What to work on: Without the pictures, repeat all of the data exactly as it appears below.

Supplied material:
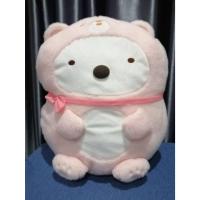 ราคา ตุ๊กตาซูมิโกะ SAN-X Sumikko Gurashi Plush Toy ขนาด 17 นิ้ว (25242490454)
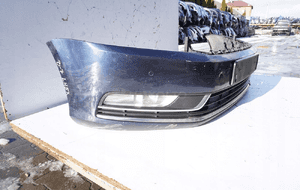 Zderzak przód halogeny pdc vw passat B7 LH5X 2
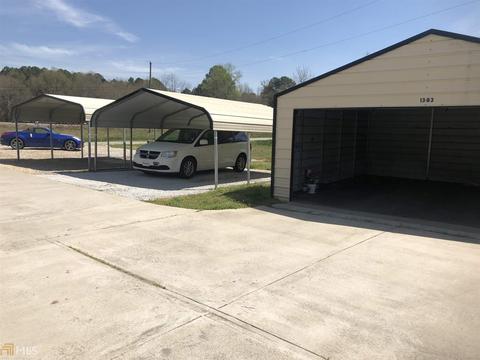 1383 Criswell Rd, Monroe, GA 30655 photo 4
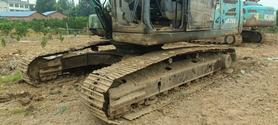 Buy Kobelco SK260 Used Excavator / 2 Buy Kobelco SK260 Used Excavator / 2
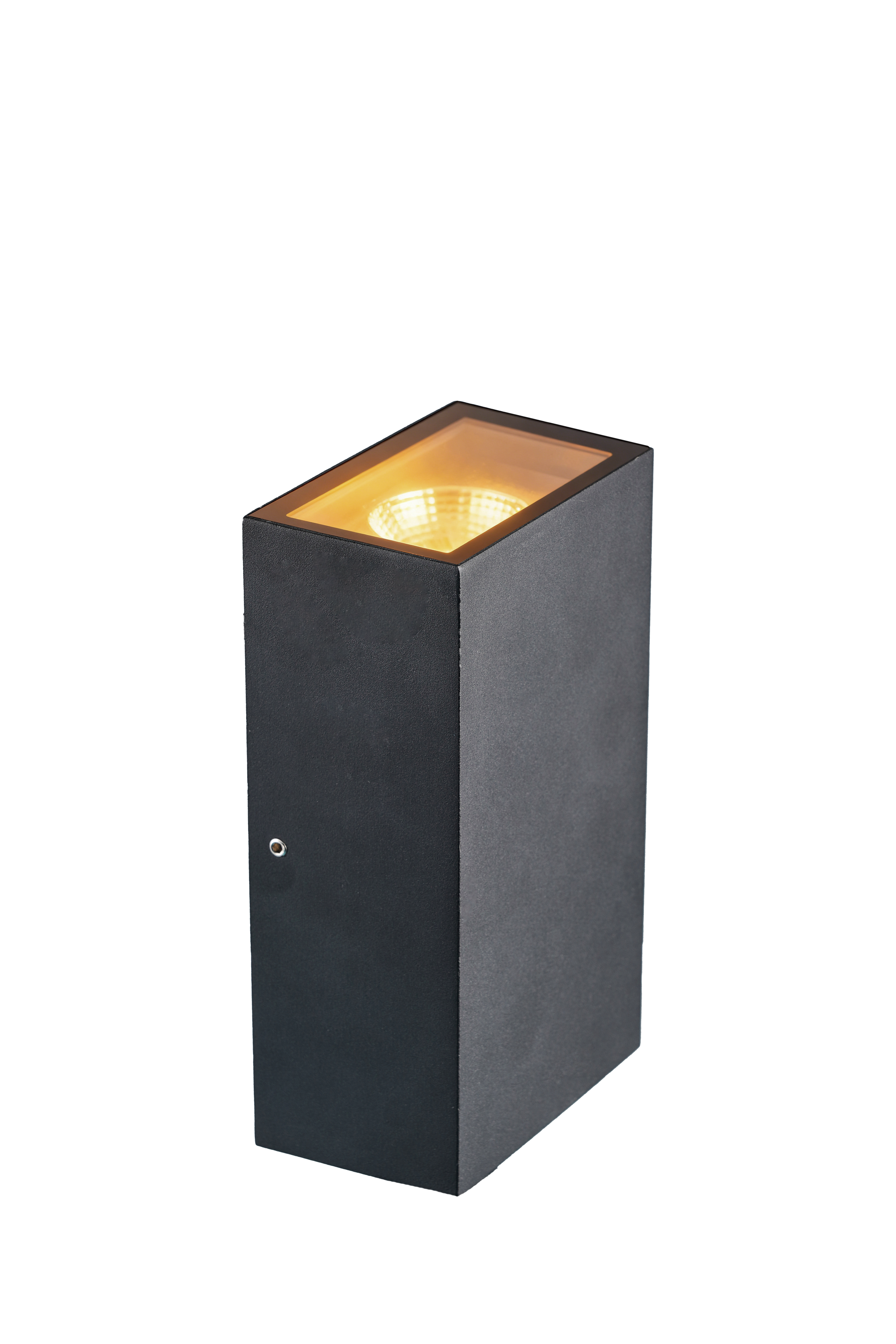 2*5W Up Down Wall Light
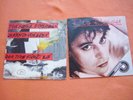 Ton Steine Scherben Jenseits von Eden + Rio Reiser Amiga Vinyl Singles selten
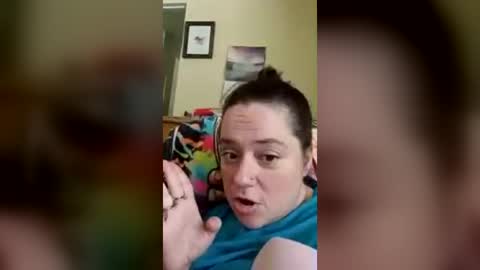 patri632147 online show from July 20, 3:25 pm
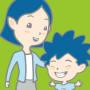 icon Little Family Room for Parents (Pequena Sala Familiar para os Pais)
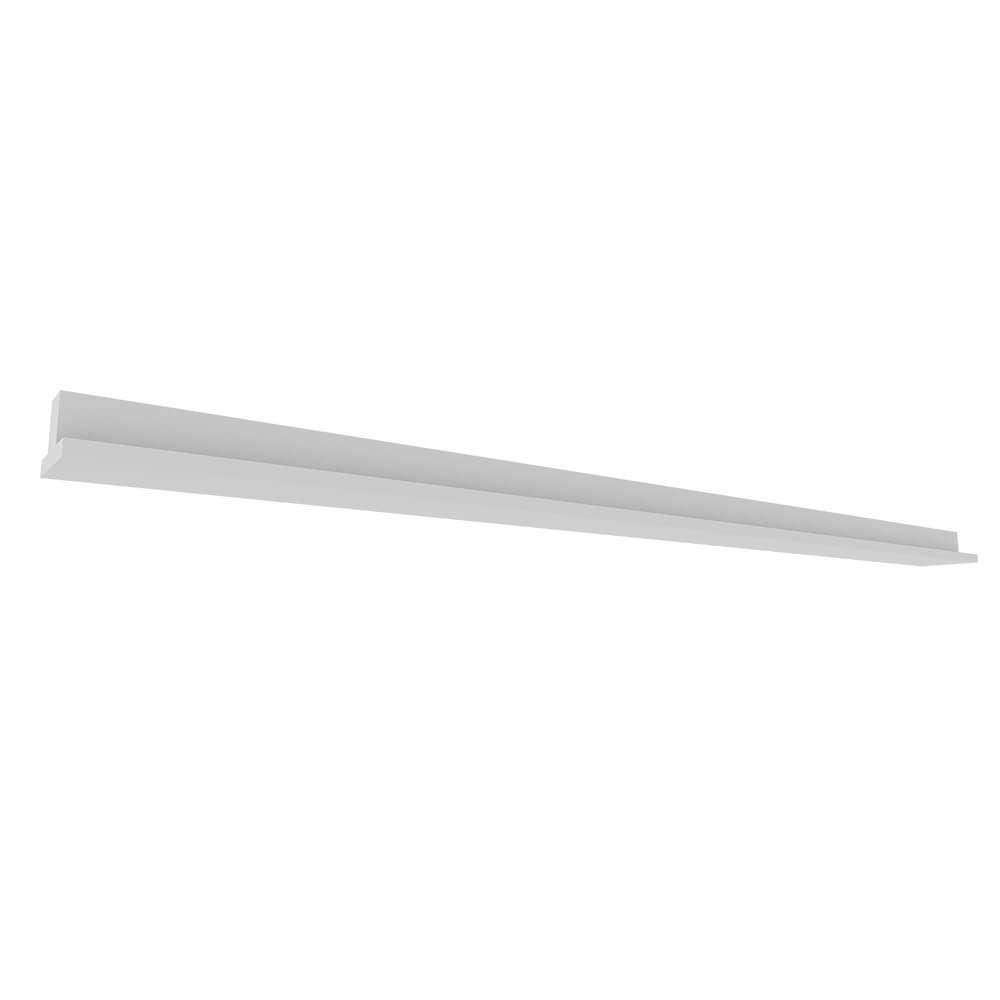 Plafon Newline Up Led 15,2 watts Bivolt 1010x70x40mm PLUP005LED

Task response:
 ราคา ตุ๊กตาซูมิโกะ SAN-X Sumikko Gurashi Plush Toy ขนาด 17 นิ้ว (25242490454)
 Zderzak przód halogeny pdc vw passat B7 LH5X 2
 1383 Criswell Rd, Monroe, GA 30655 photo 4
 Buy Kobelco SK260 Used Excavator / 2 Buy Kobelco SK260 Used Excavator / 2
 2*5W Up Down Wall Light
 Ton Steine Scherben Jenseits von Eden + Rio Reiser Amiga Vinyl Singles selten
 patri632147 online show from July 20, 3:25 pm
 icon Little Family Room for Parents (Pequena Sala Familiar para os Pais)
 Plafon Newline Up Led 15,2 watts Bivolt 1010x70x40mm PLUP005LED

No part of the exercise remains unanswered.